Splay trees are a kind of binary search tree, so they support the crucial search tree query \(\texttt{SEARCH}(k)\) which returns the smallest value \(x \ge k\) stored in the tree. As an aside, many students ignore the difference between this search query, and what we may call a \(\texttt{FIND}(k)\) query of dictionaries, which only should return \(k\) if \(k\) is present in the structure, and nothing otherwise. Obviously, we can always implement \(\texttt{FIND}\) with \(\texttt{SEARCH}\), but the reverse is not true. These are fundamentally different queries with different goals and limitations, which is sometimes not emphasized in undergraduate computer science courses, and indeed, the ignorance of this difference may lend students to believe for a time that dictionaries ultimately solve all of the same problems as search trees.
So, splay trees are search trees. They are also adaptive; the structure modifies itself not only upon insertions and deletions, but also on search queries. Every undergraduate computer science student encounters red-black trees, which are a kind of self-adjusting binary search tree, which perform rotations upon insertions and deletions so as to constantly maintain logarithmic height. Splay trees self-adjust also on queries, to be adaptive to input query sequences. Before describing this transformation in more detail, I’ll present a problem which happens to be solved by splay trees.

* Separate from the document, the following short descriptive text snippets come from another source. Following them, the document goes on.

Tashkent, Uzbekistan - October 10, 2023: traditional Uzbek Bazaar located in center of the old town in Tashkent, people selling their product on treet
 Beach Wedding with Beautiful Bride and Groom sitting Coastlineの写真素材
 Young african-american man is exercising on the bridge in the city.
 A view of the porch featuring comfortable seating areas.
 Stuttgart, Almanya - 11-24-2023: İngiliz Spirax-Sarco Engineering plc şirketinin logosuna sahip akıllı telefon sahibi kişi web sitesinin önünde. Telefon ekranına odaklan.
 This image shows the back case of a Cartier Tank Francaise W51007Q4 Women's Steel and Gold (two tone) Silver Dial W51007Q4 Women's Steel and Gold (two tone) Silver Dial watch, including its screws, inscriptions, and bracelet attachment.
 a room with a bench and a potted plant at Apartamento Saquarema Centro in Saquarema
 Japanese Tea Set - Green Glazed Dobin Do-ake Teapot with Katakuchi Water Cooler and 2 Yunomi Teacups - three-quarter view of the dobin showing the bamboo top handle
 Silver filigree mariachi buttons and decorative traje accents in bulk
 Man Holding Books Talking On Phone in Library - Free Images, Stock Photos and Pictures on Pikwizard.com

Let \(D\) be some data structure implementing \(\texttt{SEARCH}\). We perform a sequence of queries \(x_1, x_2, \dots\) on \(D\). For a particular \(x\), let \(w(x)\) denote the number of distinct elements of \(D\) which have been queried since \(x\) was last queried. For example, if \(x_1 = x_2 = x_3 = 1\) and we are performing the fourth query, then \(w(1) = 0\). On the other hand, if \(x_1 = x_2 = 1\) and \(x_3 = 2\), then \(w(1) = 1\). If \(\texttt{SEARCH}(x)\) takes time \(O(\log w(x))\), then \(D\) is said to have the working set property. If a structure has this property, then this structure allows us to efficiently perform sequences of queries in which there are many recurring items. It’s not totally obvious how to implement a structure which has the working set property, but one relatively easy example is given by Iacono’s working set structure.
Intuitively, if we wanted to make a binary search tree which has the working set property, we might simply rotate any queried element all the way up to the root. This isn’t quite right. Take for example the sequence of insertions \(x_1 = 1, x_2 = 2, \dots, x_n = n\). Each insertion in this structure will take constant time, and the final tree looks like a root with one right child, and a path of \(n - 2\) nodes hanging off its left child. Then, the query \(x_{n + 1} = 1\) takes \(\varOmega(n)\) time. In fact, if \(x_{n + i} = i\) for each \(i\), then the queries will even take \(\varOmega(n)\) amortized time. So, the most obvious suggestion fails to implement the working set property.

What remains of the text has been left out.